In essence, this error depends on the degree of approximation of $\log_2 (1 + x) \approx x$. We know that $x$ is the first-order Taylor expansion of the natural logarithm $\ln (1 + x)$, and $e = 2.71828 \dots$ is closer to 3. Therefore, if computers used base-3, this algorithm would have higher average precision. In fact, some theoretical analyses suggest that the most ideal base for computers is $e$, and since 3 is closer to $e$ than 2, ternary computers would be superior in many aspects. Both China and the former Soviet Union researched ternary computers, but since binary is much easier to implement, binary computers dominate today.

Bringing it to Deep Learning

That concludes the introduction to the Mitchell approximation. Readers might be puzzled: shouldn't this be some foundational computer science or data structures stuff? Why study it? Can it have any application in deep learning?

There are two reasons I studied it: first, it is indeed very beautiful and worth learning; second, it really can be used in deep learning. In fact, I discovered it in a NeurIPS 2020 paper titled "Deep Neural Network Training without Multiplications". The paper verified on "ImageNet + ResNet50" that directly replacing the multiplications in neural networks with Mitchell's additive approximation resulted in only a slight drop in accuracy, or even no drop at all.

Of course, the authors' current implementation only verifies that this replacement is acceptable in terms of performance; in terms of speed, it is actually slower. This is because although replacing multiplication with approximate addition will theoretically speed things up, achieving this speedup requires hardware-level optimization. Standard multiplication is already optimized at the hardware level, so the authors are likely suggesting a direction for future deep learning hardware optimization.

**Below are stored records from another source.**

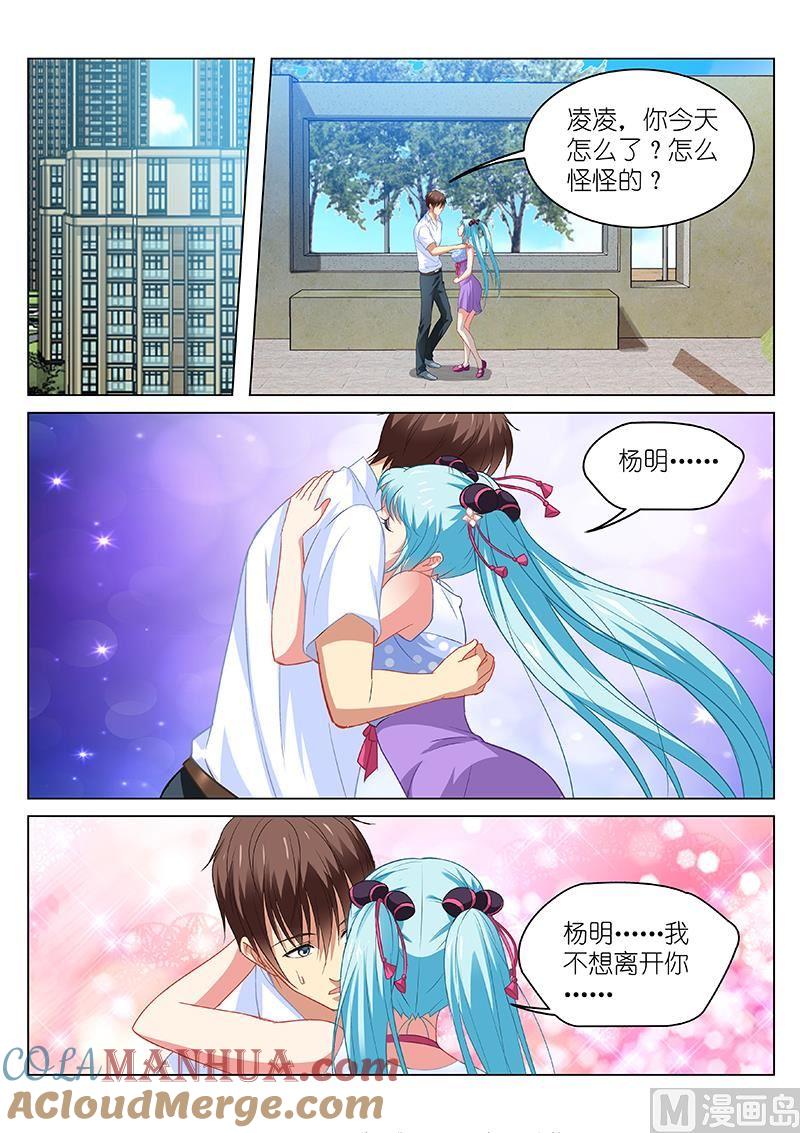 很纯很暧昧 第108话 陪我吹吹风 第4页
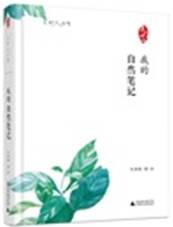 我的自然笔记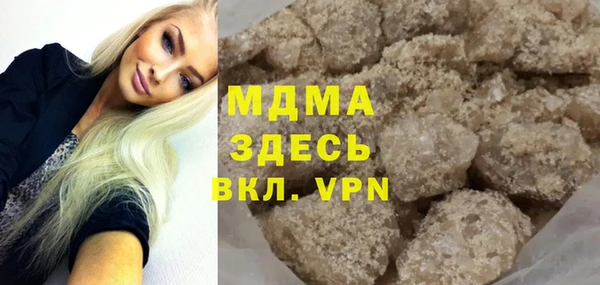 Альфа ПВП Верхнеуральск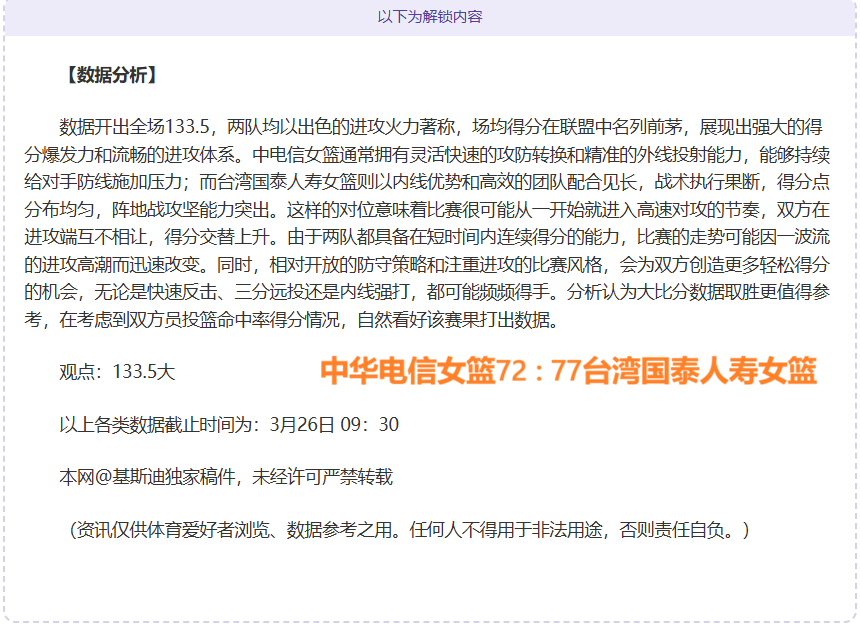 近期,美职男篮东,西部对决质,亚博体育,亚博体育官网,亚博体育app,亚博体育下载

Furthermore, using Mitchell's approximation in deep learning is not being discussed for the first time; a simple Google search yields two more papers: "Efficient Mitchell’s Approximate Log Multipliers for Convolutional Neural Networks" and "Low-power implementation of Mitchell's approximate logarithmic multiplication for convolutional neural networks".

Some readers might be reminded of the addition neural network AdderNet proposed by Huawei before. Its goal is indeed similar, but the method is very different. AdderNet replaces the inner product in neural networks with $l_1$ distance, thereby removing multiplication; this paper, however, modifies the implementation of multiplication, reducing its computational cost, potentially allowing existing neural network operations to be retained.

Old Wine in New Bottles

This article introduced the Mitchell approximation algorithm published in 1962, which is an approximate way to calculate logarithms and exponents. Based on this, we can convert multiplication to addition while maintaining a certain level of precision. It seemed outdated, but by putting this "old wine in a new bottle," it became a paper at NeurIPS 2020.

So, what other "old wines" have you found that could be put into "new bottles"?